The Players Club: Music From and Inspired by the New Line Cinema Motion Picture is the soundtrack to Ice Cube's 1998 film The Players Club. It was released on March 17, 1998, through Heavyweight Records, Epic Records and Sony Music Soundtrax and consists of hip hop and contemporary R&B music. The album features songs from the film's star, Ice Cube, as well as Mr. Short Khop, Brownstone, Changing Faces, Dalvin DeGrate, DJ Spinderella, DMX, Jay-Z, Kurupt, Lil' Mo, Mack 10, Master P, Memphis Bleek, Mia X, Pressha, Public Announcement, Sauce Money, Scarface and more.

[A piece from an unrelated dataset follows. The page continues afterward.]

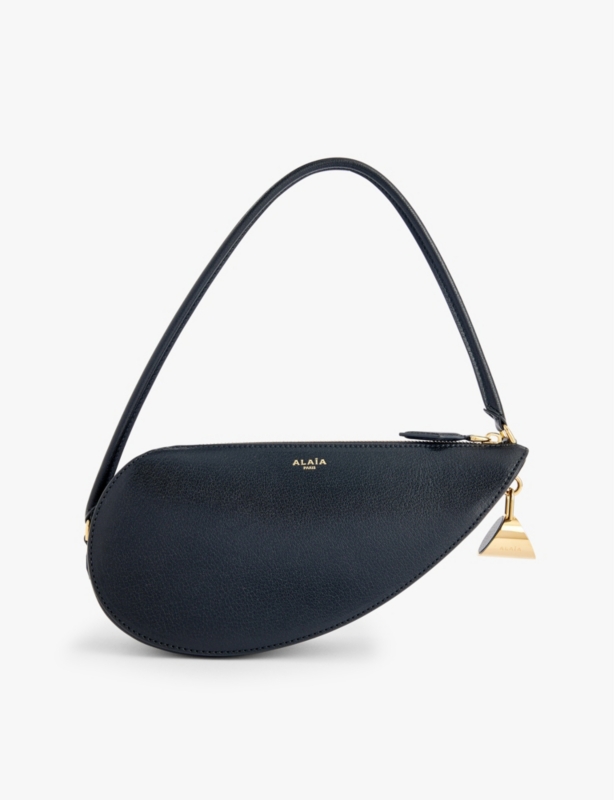Le Demi-Cœur leather shoulder bag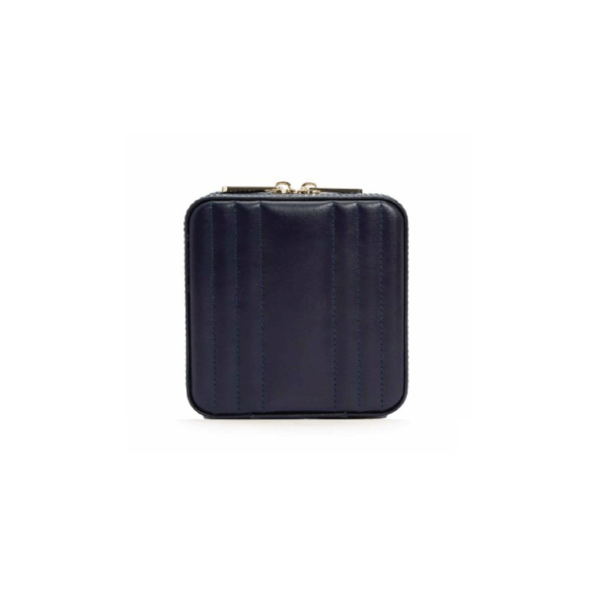 Maria Small Zip Case Navy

The soundtrack made it to number 10 on the Billboard 200 and number 2 on the Top R&B/Hip-Hop Albums chart in the United States.

Professional ratings
Review scores
| Source | Rating |
| AllMusic | Star |

==Track listing==

| No. | Title | Producer(s) | Length |
|---|---|---|---|
| 1. | "We Be Clubbin'" (performed by Ice Cube) | Rick "Dutch" Cousin | 4:47 |
| 2. | "We Be Clubbin' (Clark World Remix)'" (performed by Ice Cube & DMX) | Rick "Dutch" Cousin | 4:23 |
| 3. | "Who Are You Lovin'" (performed by Ice Cube & Mr. Short Khop) | Mo-Suave-A | 4:30 |
| 4. | "Same Tempo" (performed by Changing Faces) | Edmund Clement | 4:52 |
| 5. | "Under Pressure" (performed by Kurupt) | Battlecat | 4:04 |
| 6. | "You Know I'm a Ho" (performed by Ice Cube & Master P) | Bud'da | 4:17 |
| 7. | "Splackavellie" (performed by Pressha) | Joseph "Adonis" Carn | 4:01 |
| 8. | "You Delinquent" (performed by Mack 10 & Scarface) | Rick "Dutch" Cousin; Binky Mack; | 3:55 |
| 9. | "From Marcy to Hollywood" (performed by Jay-Z, Memphis Bleek & Sauce Money) | DJ Clue; DURO; | 3:11 |
| 10. | "Don't Play Me Wrong" (performed by Brownstone) | Rhett Lawrence | 4:28 |
| 11. | "Shake Whatcha Mama Gave Ya (But Make Sho Your Niggas Pay Ya)" (performed by Mia X) | Craig B | 4:17 |
| 12. | "What a Woman Feels" (performed by Public Announcement) | Frank Fitzpatrick; Michael Angelo Saulsberry; | 3:33 |
| 13. | "Don't Worry (My Shorty)" (performed by Rufus Blaq & Spinderella) | Chad "Dr. Ceuss" Elliot | 3:56 |
| 14. | "My Loved One" (performed by Ice Cube & Mr. Short Khop) | Binky Mack | 4:32 |
| 15. | "Get Mine" (performed by Mr. Dalvin of Jodeci) | Tim & Bob | 4:07 |
| 16. | "Dreamin'" (performed by EMmage, Mr. Short Khop & Lil' Mo) | Bud'da |  |
| Total length: |  |  | 1:02:53 |

==Charts==

===Weekly charts===

| Chart (1998) | Peak position |
|---|---|
| US Billboard 200 | 10 |
| US Top R&B/Hip-Hop Albums (Billboard) | 2 |

===Year-end charts===

| Chart (1998) | Position |
|---|---|
| US Billboard 200 | 89 |
| US Top R&B/Hip-Hop Albums (Billboard) | 19 |

==Certifications==

| Region | Certification | Certified units/sales |
| United States (RIAA) | Platinum | 1,000,000^{^} |
^{^} Shipments figures based on certification alone.